Thursday, December 30, 2010

Scott come over today for a WHFB rematch at 2,000 pts. His daemons versus my shiny Bretonnians. My force was similar to last time with 40 longbowmen and trebuchet in the foreground:


And 3 lances of knights, I also had a strong contingent of heroes and the lord:


We rolled for a pitched battle and the terrain ended up like this, dominated by linear obstacles and a pit that churned out random spells at the far end:


I deployed strong on my right flank with knights, bows and trebuchet, and hoped to refuse my left with the men-at-arms holding back the daemons as long as I could:


Facing my strong right were his flamers, gumbies and the bad doggies:


While the angry red guys and the daemon prince were on my left. Turn 1 saw him cautiously advance while I held my ground and faced the menace. I wanted him to move into charge range before punching forward, hoping that the pressure of longbows and trebuchet would keep him moving forward:

Men-at-arms face the prince:

Turn 2 was supposed to be my big one, with all 3 knight lances charging. But it was a fucking disaster. Two of three charges failed, a damsel miscast, and the trebuchet misfired...



Turn 3 saw the daemons continue to advance,


and a nurgle thingy charged my stalled knights of the realm, fortunately we won on combat resolution and there was a nice self-immolating break check that left him in a puddle of goo:

Turn 3 I completed the charges, the one successful questing knight charge destroyed one unit of flamers, but the second hopped along the bushes of the far board edge and fried both of my units of archers right off the board on single shots. Hot dice..

Meanwhile, on my refused left, the men-at-arms proved to be resilient and went toe-to-toe with some bloodletters for a while:


Until they were rear-charged by the daemon prince and ran for the board edge over a burning fence, incurring even more casualties.
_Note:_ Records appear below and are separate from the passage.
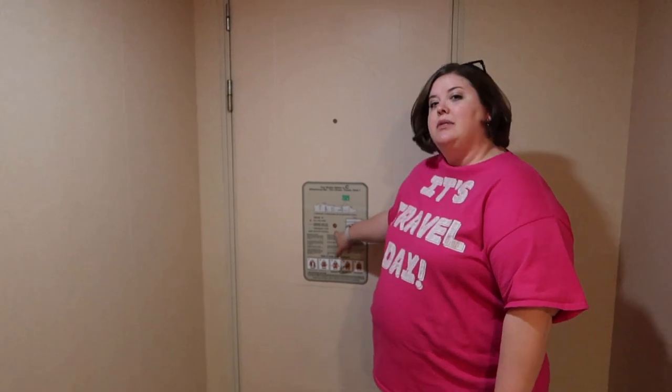One really cool thing about this room is it's actually huge — it's a hundred square feet bigger than a normal interior room, simply so you can get a wheelchair around in here pretty easily. There's also an extra wide door for a wheelchair and a peephole down low so you can see.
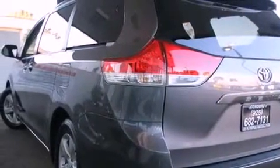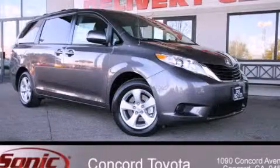An anti-lock braking system, side impact airbags, a keyless entry system, and folding rear seats. Stop by today and test drive this vehicle for yourself.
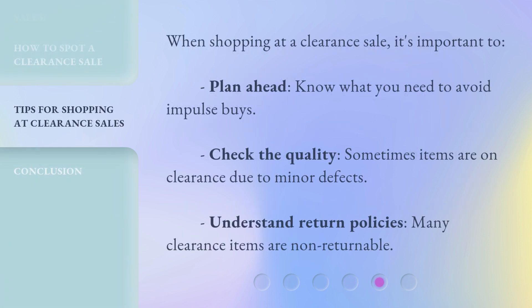When shopping at a clearance sale, it's important to plan ahead. Know what you need to avoid impulse buys. Check the quality — sometimes items are on clearance due to minor defects. Understand return policies, as many clearance items are non-returnable.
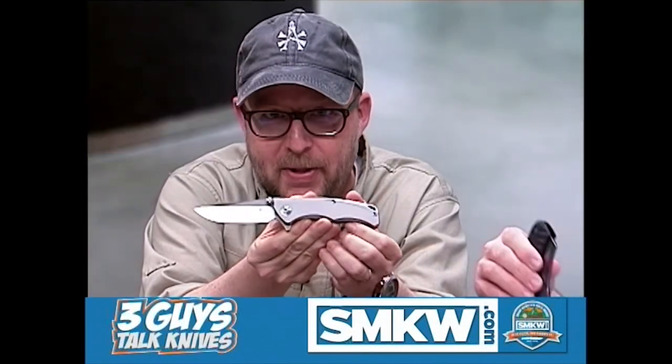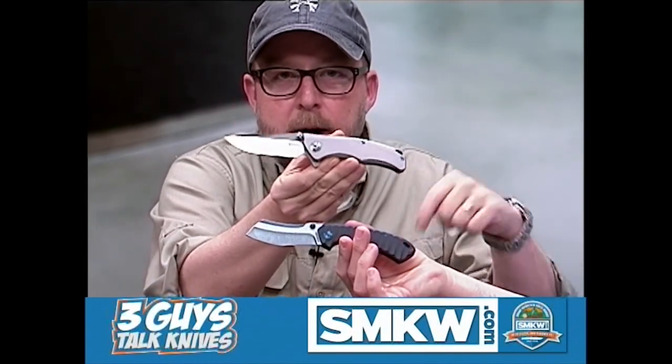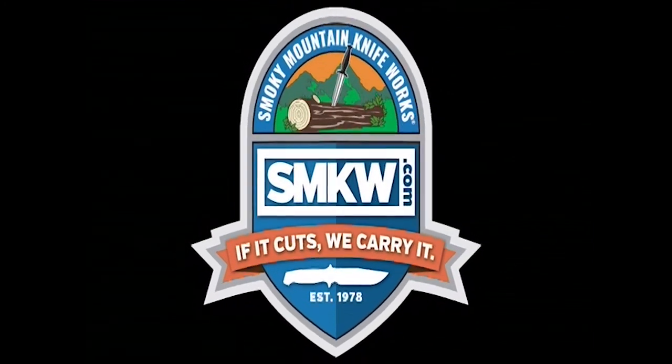John's giving us hand signals that we're running long - we're at about 12 minutes. If you want to find out about these knives, we'll throw the links in the description below for the video, and for the podcast we'll put links to both knives as well as category links for Rough Rider, RE-8, and Kaiser. That's what's in our pockets today. From Smoky Mountain Knife Works - if it cuts, we carry it.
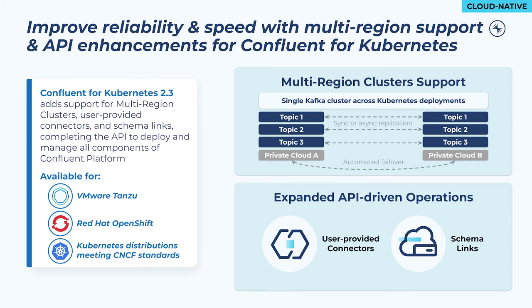For cloud-native, we're introducing Confluent for Kubernetes version 2.3, which increases global resiliency with multi-region cluster support and enhances the API with declarative management for user-provided connectors and schema links. With the introduction of Confluent for Kubernetes last year, users were able to build their own private cloud Kafka service using a complete declarative API to deploy and operate Confluent. In this latest release, we're introducing support for multi-region clusters, enabling customers to build a globally resilient architecture while also realizing the cloud-native benefits that come from deploying on Kubernetes. Confluent for Kubernetes now supports the full feature set of Confluent Platform, so customers no longer have to choose between the intelligent API-driven operations of Confluent for Kubernetes and any other Confluent Platform feature critical to their use case.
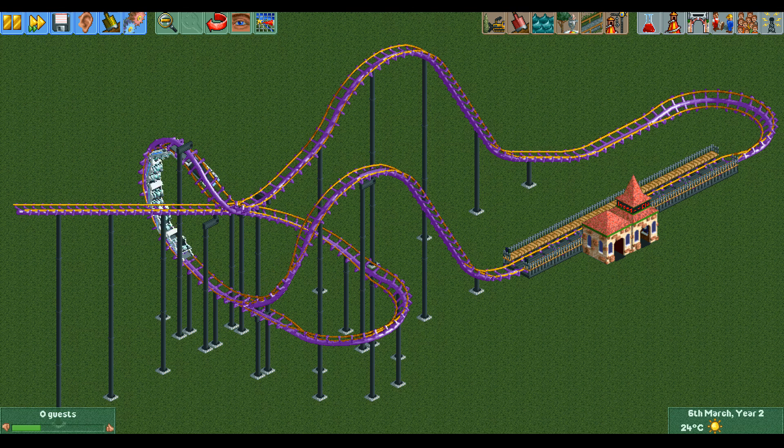Another use is for creating coasters that have to take a certain element multiple times before they can move on. This corkscrew coaster has to go through the sidewinder three times before it has enough speed to clear the hill and finish the track.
Fortunately, the pursuing bloodletters also caught their scrotes on the burning fence and somehow came up short in the pursuit. But there were only two of them left by now, and we rallied and turned to face in the next turn.



On the right, my grail knights eventually destroyed the gumbies, but the realm knights were defeated by a combo of bad doggies and angry red men

The last turn saw my surviving knights and characters facing his surviving angry red men and dogs. At this point I had high powered characters at the core of these units and felt optimistic. He charged my questing knights and my tooled-up paladin with a 2+ ward save against flaming attacks took on the skulltaker. What happened? He got two killing blow hits and I failed the 2+ ward save. Go figure, that was the game for me. On top of that, we nerfed a pile of easy armour saves against the flamers and the grail knights were roasted as well. The lady just wasn't with us today.


So we conceded. By this time my resident daemonette of Slaanesh had returned after an afternoon of swimming with the kids and was giving me dirty looks for not finishing up in time to make an easy-bake cake with the 5-year old nurglette.

Tuesday, December 28, 2010

Hordes and Highlanders

Montrose marched off to meet the undead horde at Bob's house today. In game 1 I was the defender, and here you see the view from the right flank with the Strathbogie regiment of pike and shot in the foreground:


My plan was to push shooters and warband into the forest on my left as a holding action and use my right wing of the Strathbogie with mounted as the hammer. Here Bob advances his bony boys into the mill:


And I try to get warband and shooters into the woods on my left, I started with lousy pips so the development was slow:


Once I reached the woods, I could not resist the opportunity to jump forward with Highland warbands into the hordes (nice matchup with quick-kill in my favour) and blow a hole:


And behind this skirmish I tried to develop the right. All the while, I was mostly concerned with his flyer (still not active):


Eventually I was able to start forcing the right flank more and more, I don't remember why it took so long for Bob to take flight, but I think he was busy working my left with his bow elements and I was losing ground there. But the right flank matchup with my pike and shot versus his knights was what I was after:


Bob popped the flier who helped to outflank my left, but I was able to shoot him down from the woods with my last stand of Irish shot. Here we see my left has collapsed but the right has developed nicely and I have position to turn his general:


And eventually this is what happened, fortunately the dice were kind too (my 4 to his 1):


Game 1 was very close (11G:10). They don't come much closer.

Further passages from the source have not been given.